Paper: https://www.biorxiv.org/content/10.1101/2022.07.20.500902v2

Meta's Tweet: https://twitter.com/MetaAI/status/1587467591068459008

Abstract

>Artificial intelligence has the potential to open insight into the structure of proteins at the scale of evolution. It has only recently been possible to extend protein structure prediction to two hundred million cataloged proteins. Characterizing the structures of the exponentially growing billions of protein sequences revealed by large scale gene sequencing experiments would necessitate a breakthrough in the speed of folding. Here we show that direct inference of structure from primary sequence using a large language model enables an order of magnitude speed-up in high resolution structure prediction. Leveraging the insight that language models learn evolutionary patterns across millions of sequences, we train models up to 15B parameters, the largest language model of proteins to date. As the language models are scaled they learn information that enables prediction of the three-dimensional structure of a protein at the resolution of individual atoms. This results in prediction that is up to 60x faster than state-of-the-art while maintaining resolution and accuracy. Building on this, we present the ESM Metagenomic Atlas. This is the first large-scale structural characterization of metagenomic proteins, with more than 617 million structures. The atlas reveals more than 225 million high confidence predictions, including millions whose structures are novel in comparison with experimentally determined structures, giving an unprecedented view into the vast breadth and diversity of the structures of some of the least understood proteins on earth.

Comments

You must log in or register to comment.

timy2shoes t1_iunym8r wrote on November 1, 2022 at 7:32 PM

We've been testing out their embeddings for transfer learning tasks and they've been performing quite well. Better than previous embeddings that we have tested. The 15B parameter model though is a pain in the ass. Getting the embeddings requires a workaround that is difficult to implement. Probably not worth it in my opinion.

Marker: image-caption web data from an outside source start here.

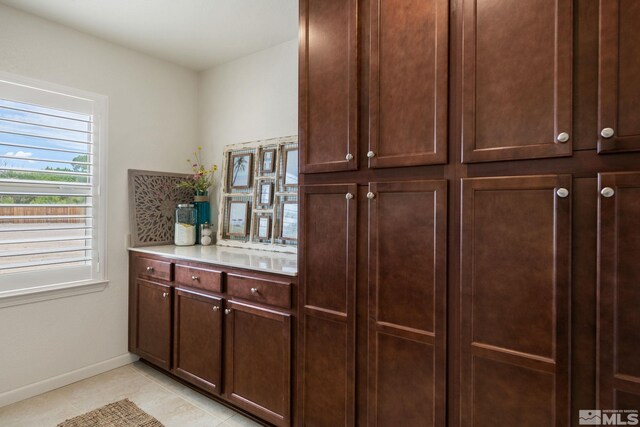 51 Holley Ln, Dayton, NV 89403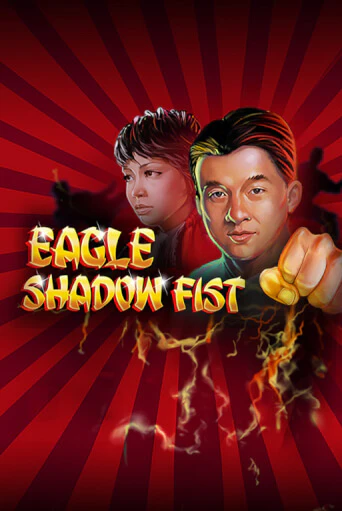 Eagle Shadow Fist демо игра казино без регистрации | PokerDom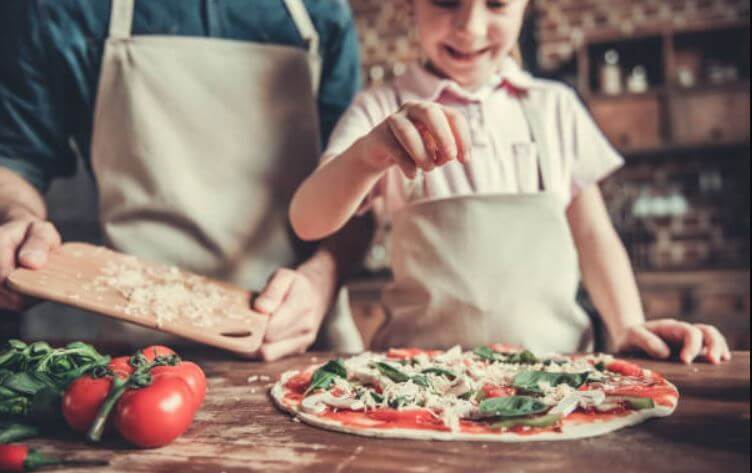 sagligagel-pizza-baharati-tarifi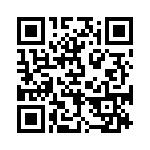 BFC2373EF394MD QRCode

nivrams_brain t1_iuo3l24 wrote on November 1, 2022 at 8:03 PM

What kind of downstream tasks are you looking at?

timy2shoes t1_iuo4xa4 wrote on November 1, 2022 at 8:12 PM

ML-guided protein engineering.

nivrams_brain t1_iuo8d1h wrote on November 1, 2022 at 8:33 PM

Sounds cool, are you in academia or industry?

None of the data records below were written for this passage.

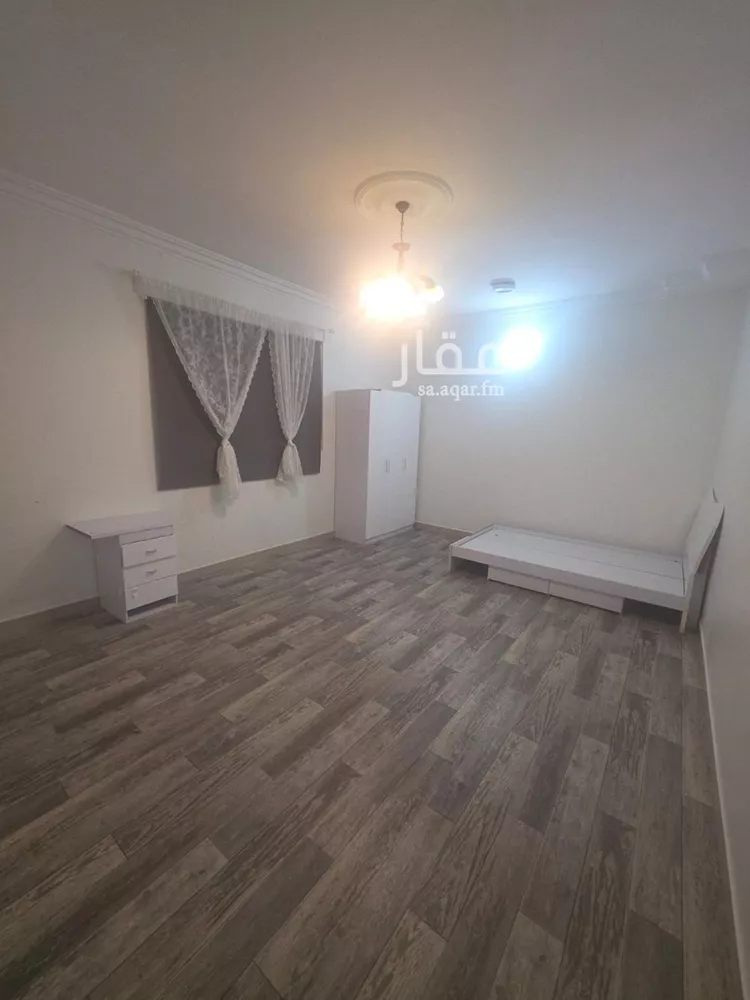 Apartment for Rent in Riyadh Qurtubah صورة 2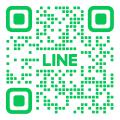 株式会社ぴゃも（https://pyamo.jp）主催、ガールズア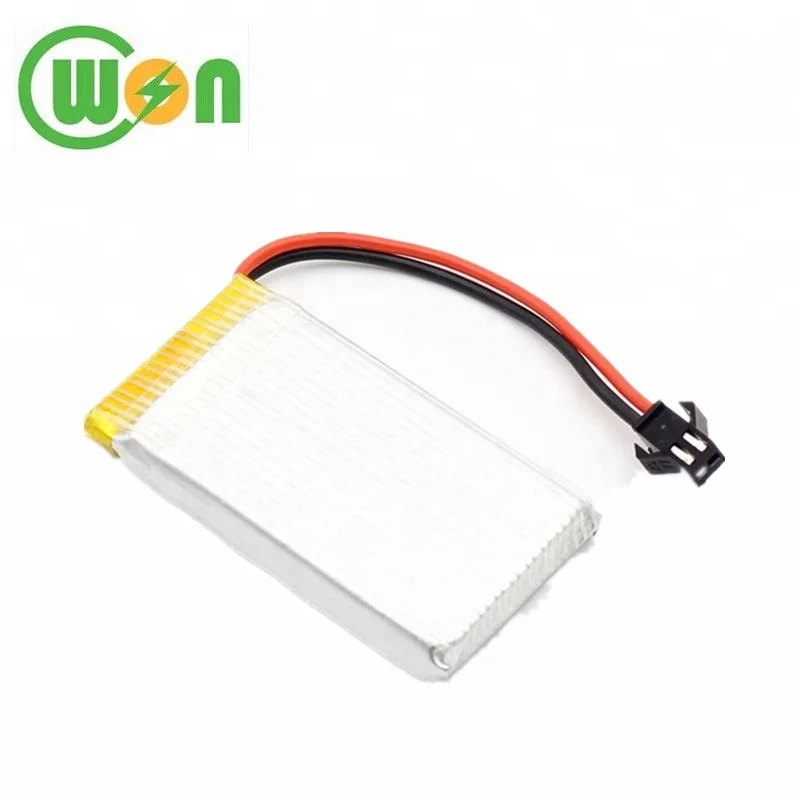 3.7v 1500mah (2).jpg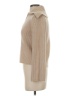 J by Joie Tan Turtleneck Sweater Size S - photo 5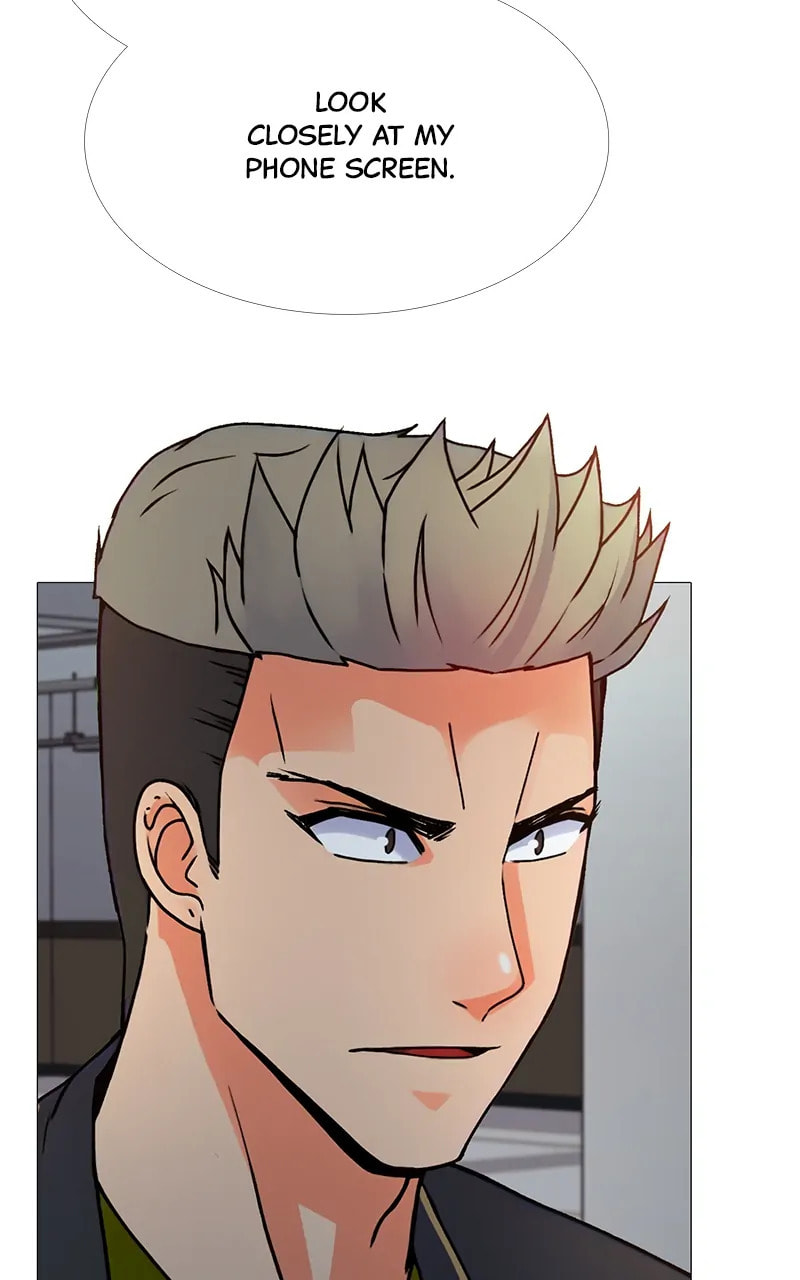 Real World Mobile Chapter 41 page 69 - 
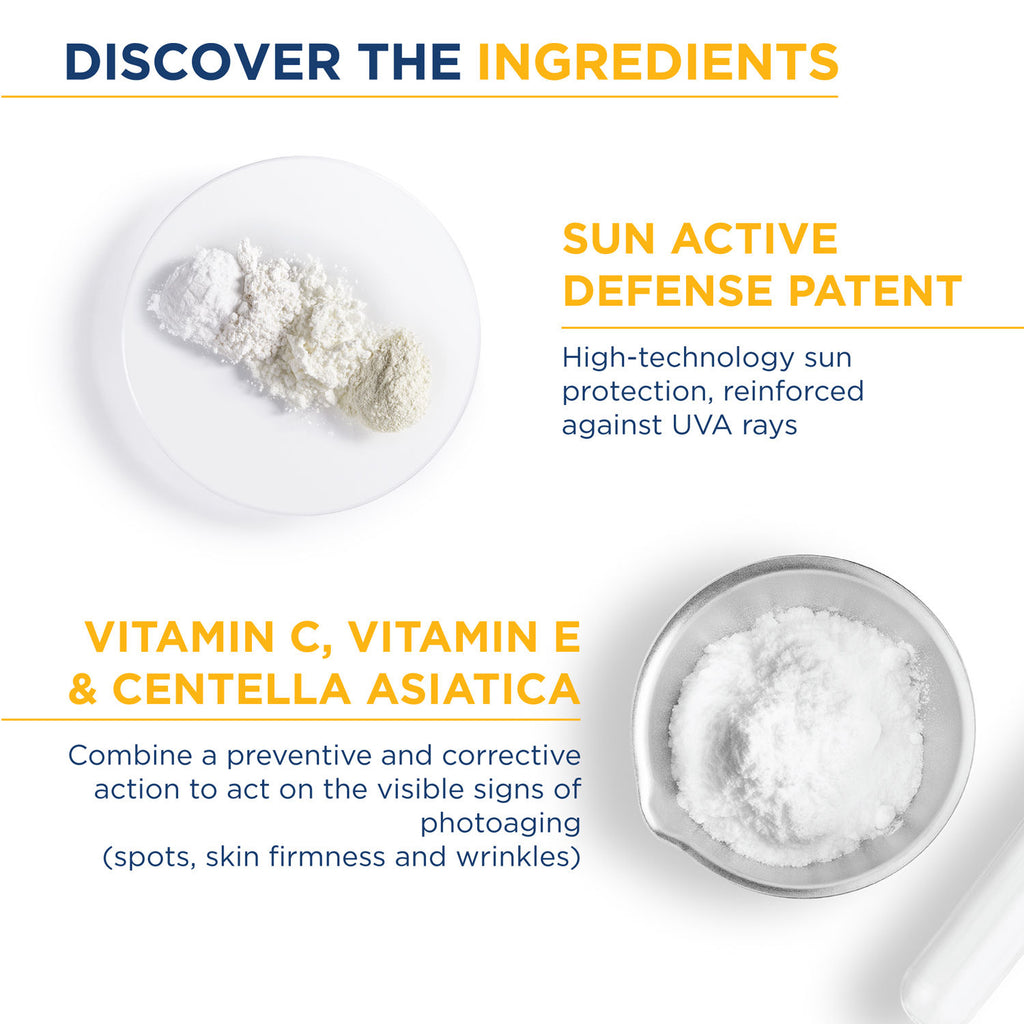 Photoderm Spot-Age SPF 50+ PA++++ Anti-Ageing Sunscreen for Dark Spots | In Vivo Tested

timy2shoes t1_iuoafb9 wrote on November 1, 2022 at 8:46 PM

Industry

MangoGuyyy t1_iuq81od wrote on November 2, 2022 at 5:48 AM

What company, I’m curious

[deleted] t1_iupief7 wrote on November 2, 2022 at 1:51 AM

[deleted]

ROFLLOLSTER t1_iupsskm wrote on November 2, 2022 at 3:11 AM

> requires a workaround that is difficult to implement

What workaround? I've also been working with ESM and tried the 15B parameter variant. It seemed worse than the 3B in my tests, but maybe I just missed the problem?

timy2shoes t1_iuptv7y wrote on November 2, 2022 at 3:20 AM

We had to do a workaround to fit the 15b parameter model on a p3.8xlarge instance.

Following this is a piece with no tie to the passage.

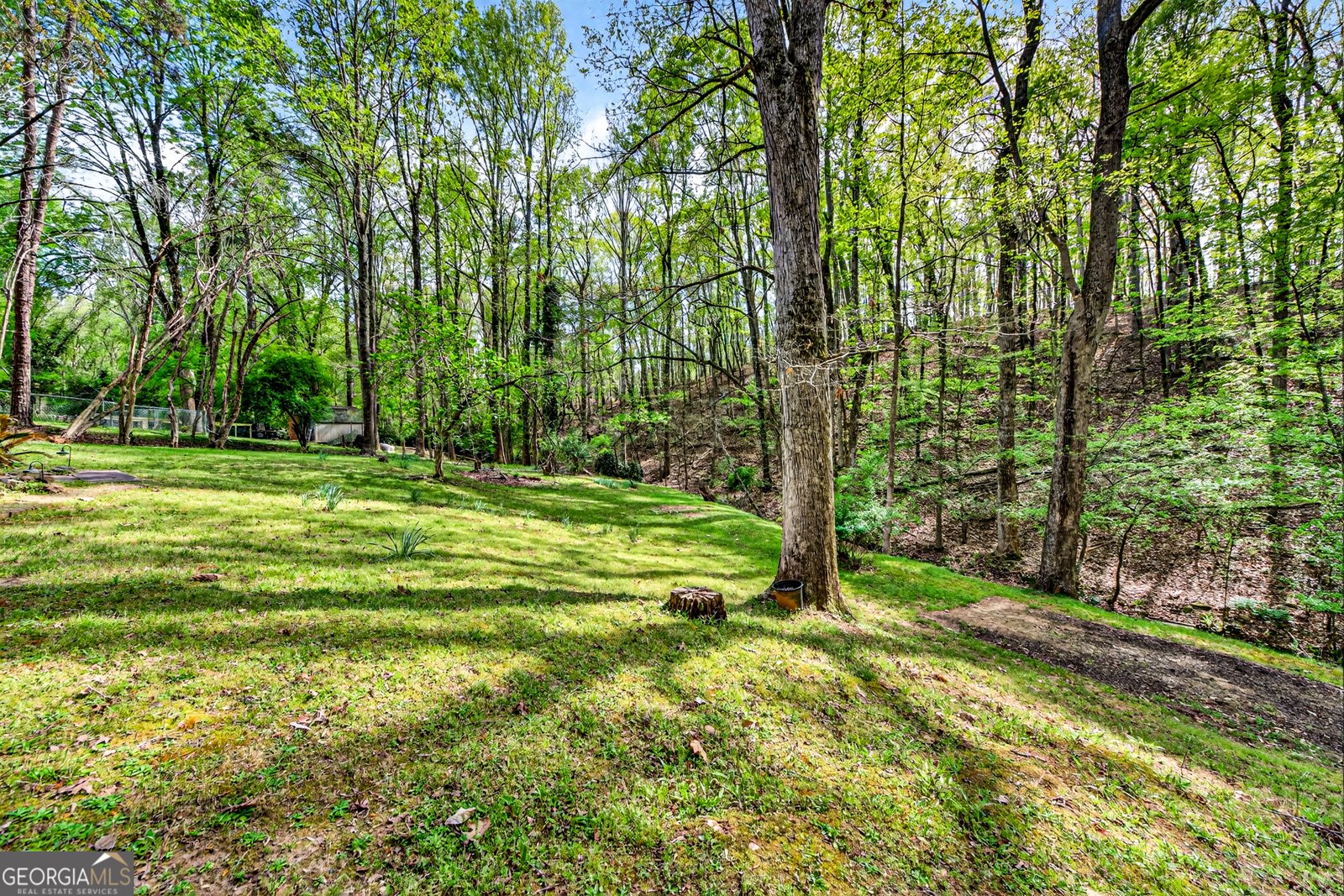 367 Richard Way Athens - Photo 42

> I've also been working with ESM and tried the 15B parameter variant.

Huh. We’ve noticed the same thing. Interesting that others are having the same problem.

Mister_Abc t1_iur4gme wrote on November 2, 2022 at 12:42 PM

First author here. We've had some indication that the 15B model may be overfit. It seemed to sightly improve on a few important metrics (casp14) which is why we included it.

farmingvillein t1_iuowrov wrote on November 1, 2022 at 11:17 PM

I'm not sad that they are doing this, in the sense that it is almost certainly net-good for humanity, but it is bizarre to me that MetaAI is investing here.

OnceReturned t1_iupkp7o wrote on November 2, 2022 at 2:08 AM

This is all working towards engineering proteins from scratch to do whatever you want. The potential impact of engineered proteins over the next hundred years is on the order of the impact of computers over the past hundred years. Meta and Alphabet and some others get this. The problem has two basic challenges:

Pick a biochemical function you want.

What structure provides that function?
What amino acid sequence yields that structure?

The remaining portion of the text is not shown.